NASA has announced that it has found evidence of water plumes erupting from the surface of Jupiter’s moon Europa, using images taken by the Hubble Space Telescope, hinting that the Jovian moon’s subsurface oceans — oceans that scientists consider to be a good candidate as a host for extraterrestrial life — may be more accessible than what was once thought.

Previous hints of what may have been geyser eruptions on Europa were seen in 2005 as the Cassini orbiter flew by on its way to Saturn, and again in 2012 more evidence was spotted by Hubble. This prompted the current study, where Europa was imaged by Hubble as it made its transit across the face of Jupiter. The researchers found that many of the images showed what appeared to be clouds of material high above the surface near Europa’s south pole that were occulting the ultraviolet light being emitted from Jupiter in the background.

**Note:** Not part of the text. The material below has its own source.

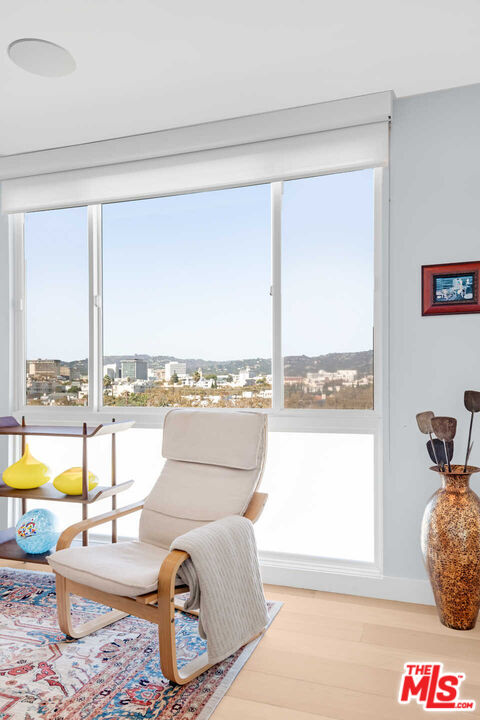 450 S Maple Dr Unit: 505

NASA is cautioning that what they are seeing is not definitively water geysers — a proper spectrographic study still needs to be done to determine the cloud’s chemical composition — but that ejected water is the best candidate to explain their observations.

Europa receives a great deal of gravitational influence from Jupiter, creating strong tidal forces within the icy moon, forces that are theorized to keep the subsurface water in a liquid state. The plumes appear to be ejected to an altitude of 201 km (125 miles), then settle back down to the moon’s surface, possibly leaving bright features on the surface ice.

This finding is important in that it offers further evidence of Europa’s subsurface ocean: being between two to three times the size of Earth’s oceans, it is possibly the largest in the solar system. This also means that future missions to the ice-encrusted moon might not have to drill through miles of ice to reach this all-important water to sample it.

“By far the simplest explanation for this water vapor is that it erupted from plumes on the surface of Europa,” the study’s lead author Lorenz Roth, of San Antonio’s Southwest Research Institute. "If those plumes are connected with the subsurface water ocean we are confident exists under Europa’s crust, then this means that future investigations can directly investigate the chemical makeup of Europa’s potentially habitable environment without drilling through layers of ice. And that is tremendously exciting."

Because of the presence of this large body of liquid water, Europa is considered to be an important candidate in the search for extraterrestrial life within our solar system. NASA is currently planning two missions to Europa sometime in the 2020s, starting with an orbiter that will scan the moon, and followed up a few years later with a landing craft.